(Beginning of Data provided)
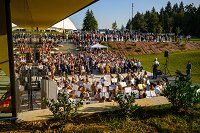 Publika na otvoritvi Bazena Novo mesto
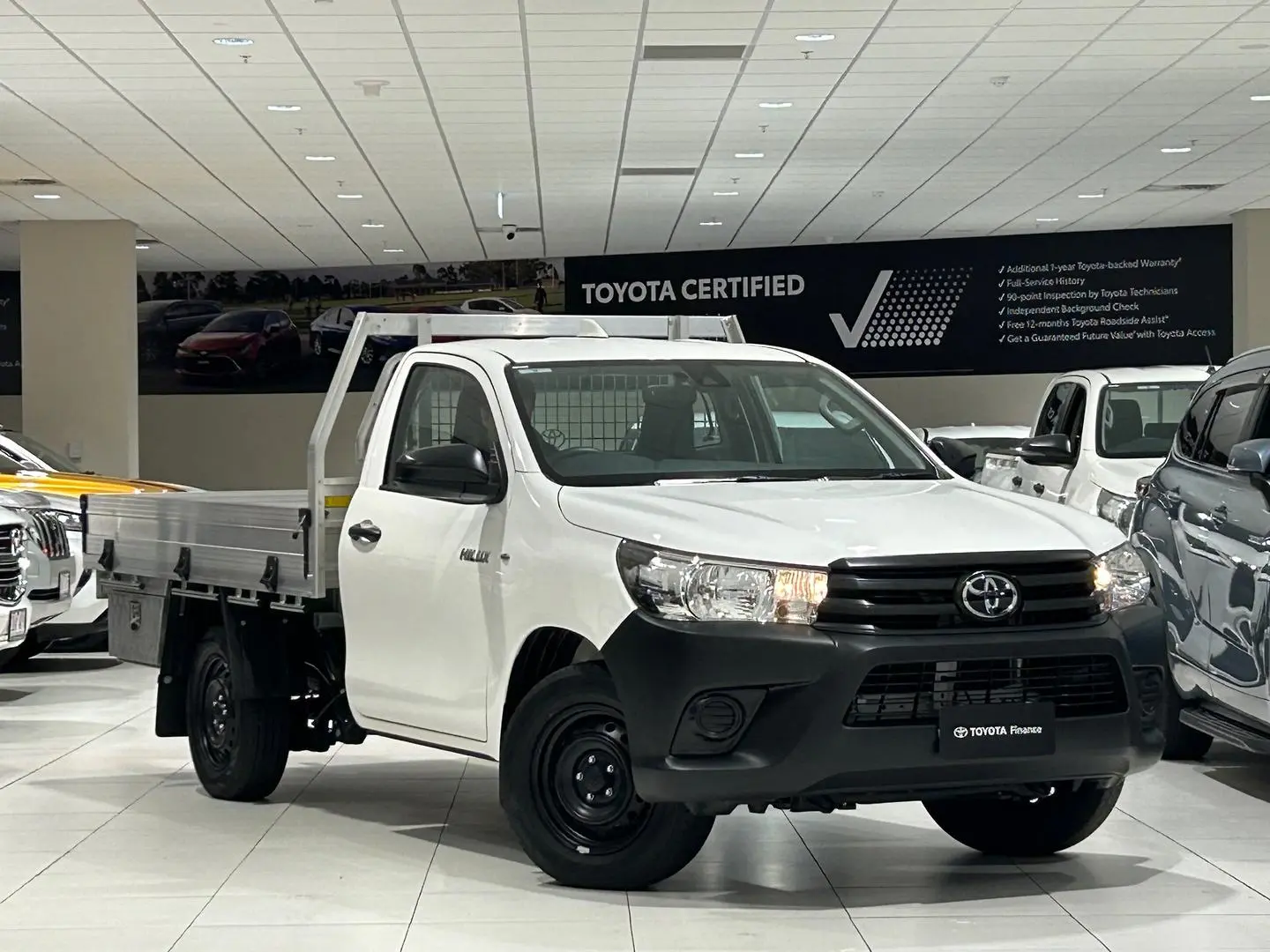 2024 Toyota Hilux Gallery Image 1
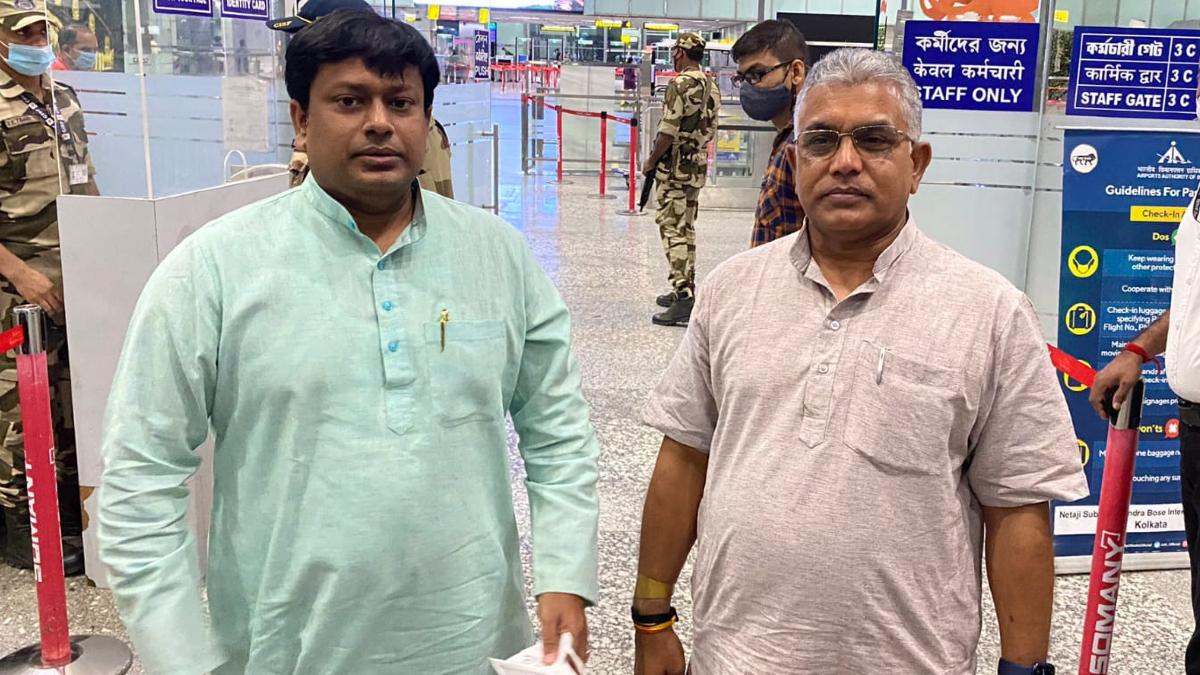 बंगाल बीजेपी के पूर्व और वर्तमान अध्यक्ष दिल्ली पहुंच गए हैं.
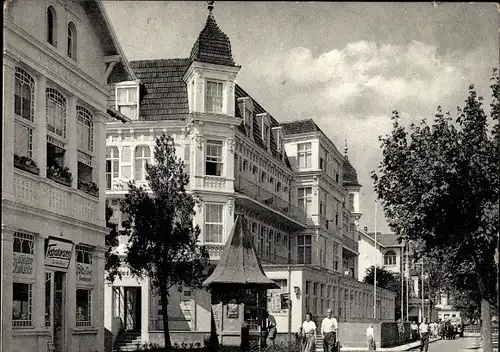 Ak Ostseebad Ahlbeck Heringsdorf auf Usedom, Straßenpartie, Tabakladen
(End of Data provided)
(Beginning of Data provided)
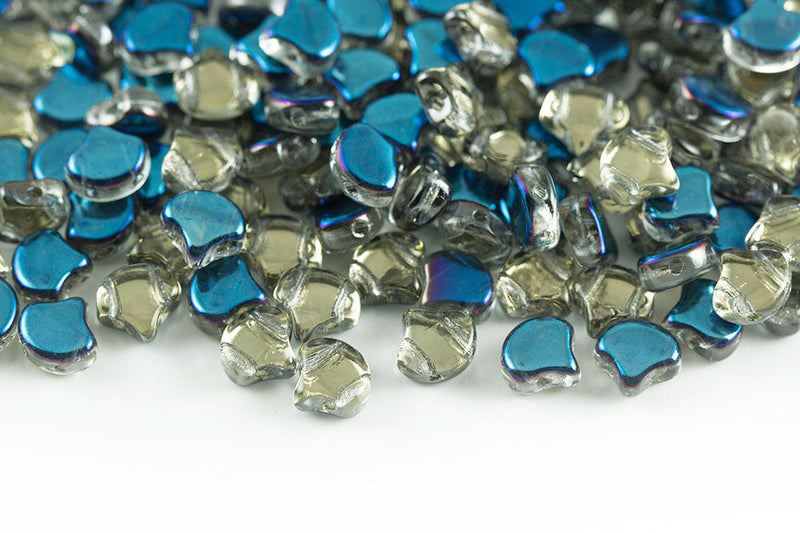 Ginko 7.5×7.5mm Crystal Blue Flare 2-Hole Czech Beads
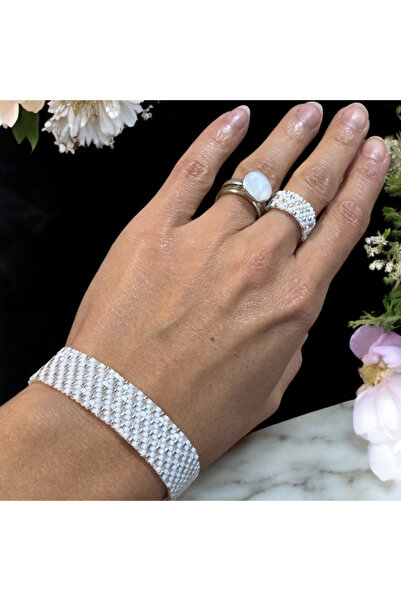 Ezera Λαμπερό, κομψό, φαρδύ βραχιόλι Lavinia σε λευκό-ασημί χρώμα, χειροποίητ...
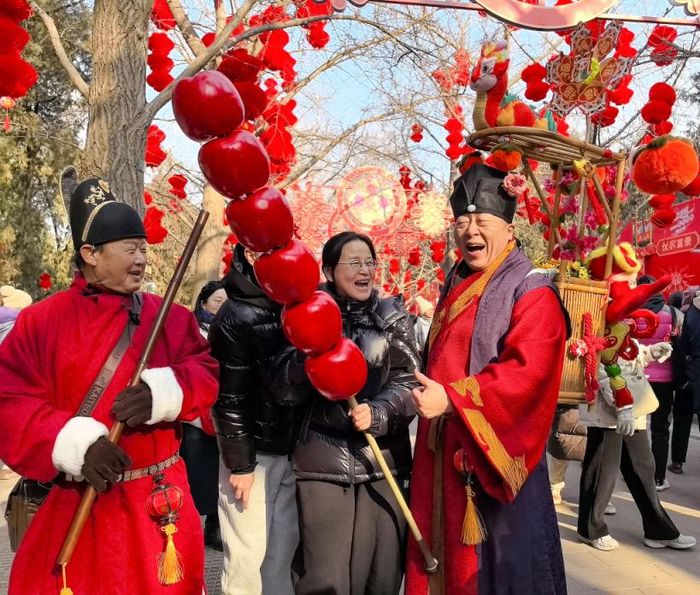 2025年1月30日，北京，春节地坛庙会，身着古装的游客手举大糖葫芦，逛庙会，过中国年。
(End of Data provided)
| Task directions |
Reproduce exactly the lines above starting at the line containing "Ginko 7.5×7.5mm Crystal" and ending at the line containing "2025年1月30日，北京，", including both, but not the pictures.

| Written solution |
 Ginko 7.5×7.5mm Crystal Blue Flare 2-Hole Czech Beads
 Ezera Λαμπερό, κομψό, φαρδύ βραχιόλι Lavinia σε λευκό-ασημί χρώμα, χειροποίητ...
 2025年1月30日，北京，春节地坛庙会，身着古装的游客手举大糖葫芦，逛庙会，过中国年。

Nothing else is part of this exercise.